|Description||AWS Simple Storage Service|
|Quality||No Sentry, no SONAR|
AWS Simple Storage Service (S3) is an object storage service. It is used for the following purposes:
- Storing first-class data objects, e.g. Events
- Unbounded general-purpose key-value store, e.g Percolator Checkpoints
- Indexing data obejcts, e.g. Events by prefix
- Serving websites via CloudFront, e.g. the current Event Data User Guide.
S3 storage is durable, and we trust it to store our files. However, unexpected things can happen including human error. Buckets can be automatically replicated, including across regions.
Key value store
The S3 interface is a simple key-value store. This means it can be used in place as a key value store for things like checkpointing. We might otherwise use tools like Redis, CouchDB, MongoDB, ElasticSearch etc. This gives us the benefit of zero maintenance and unlimited scalability. The trade-off is latency, but there are situations where this makes sense.
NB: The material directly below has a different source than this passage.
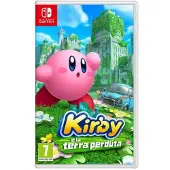 Kirby e La Terra Perduta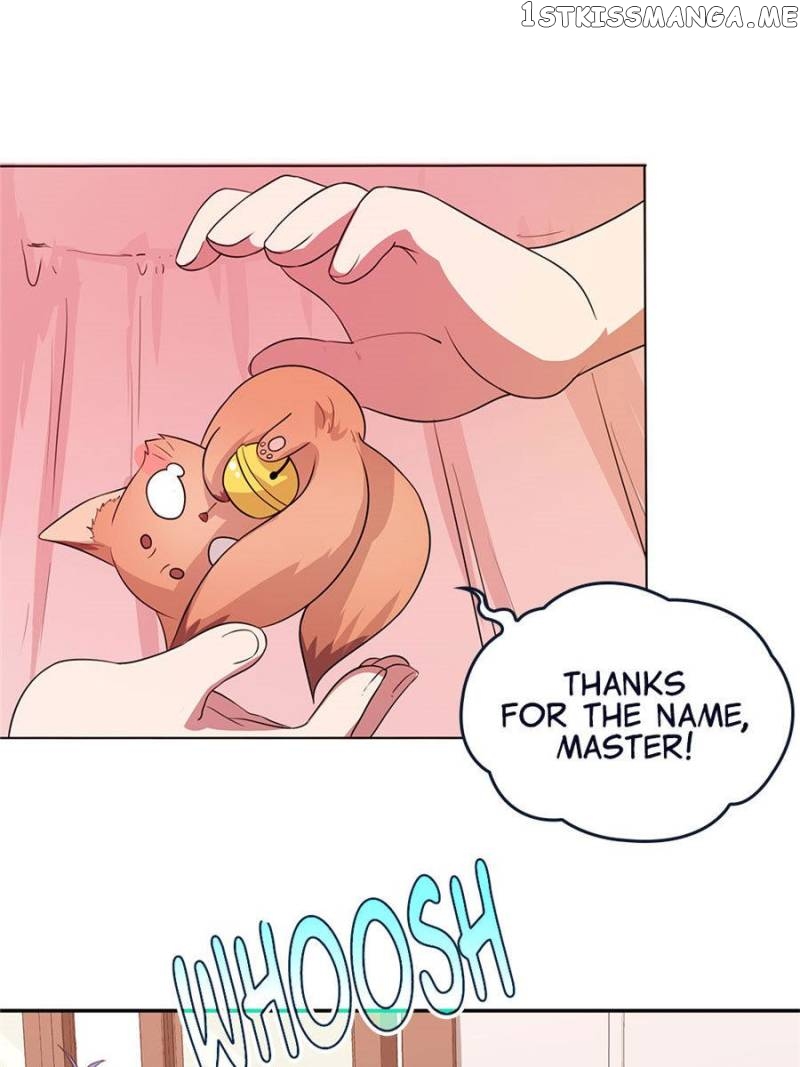My Affair With A Ghostly Girlfriend chapter 77 - page 39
S3 provides a prefix-based index. This means that queries like “/path/to/” but also “/path/to/12”. Although slashes are used by convention as directory delimiters, they have no significance. This is leveraged in Event Data, which can, for example, retrieve Events by variable prefixes (e.g. “1*”, “ab*” etc) when creating archive files.
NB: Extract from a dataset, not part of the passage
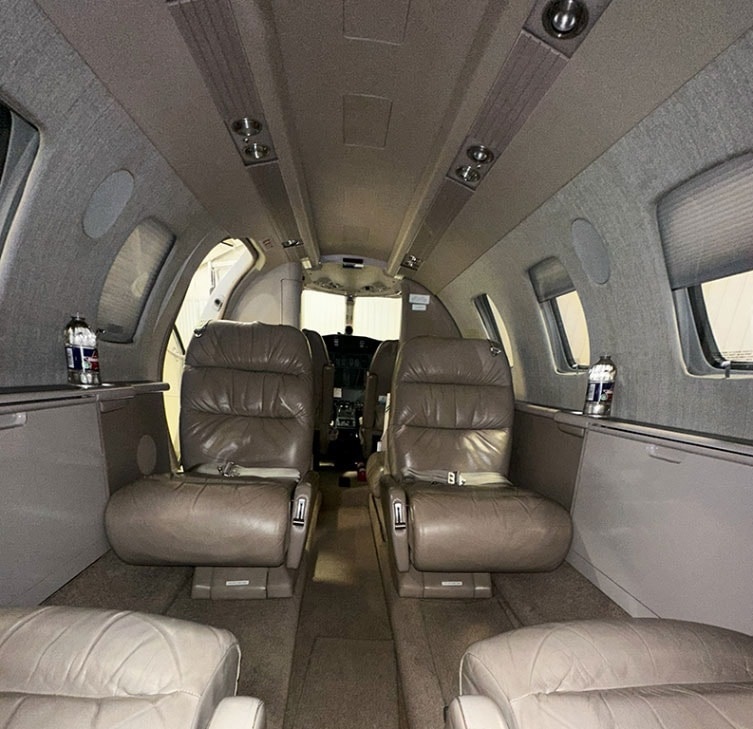 Aircraft Image for N75LT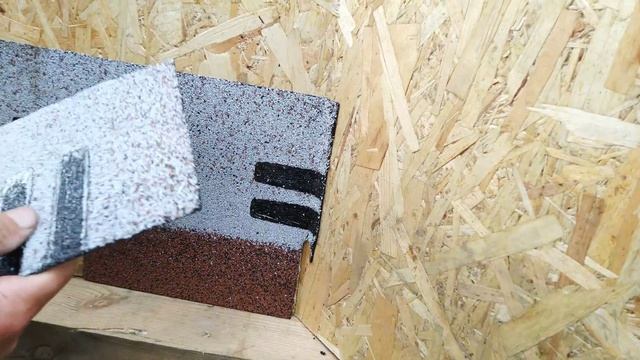 Hauberk (Хауберк) - обходим углы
S3 has a defined maximum file size per transfer. Command-lines will automatically perform multi-part uploads when the file exceeds the threshold but the standard Java client doesn’t do this unless you specifically request it. When downloading or uploading large files, e.g. archives, if there’s a unexpected error, check the file size. You may need to modify code as appropriate.
S3 offers strict read-after-write semantics when creating a new object (within certain parameters). This means that if an object is stored, it can be retrieved immediately.
When updating an object, the concurrency model is ‘eventually consistent’. The consistency model is a factor in the trade-off.
The S3 interface is implemented by other services, including self-hosted and cloud providers. If necessary we can transition away from S3 by copying the files. The only slightly exotic feature we use is prefix-indexing. If push comes to shove, this functionality can be replicated.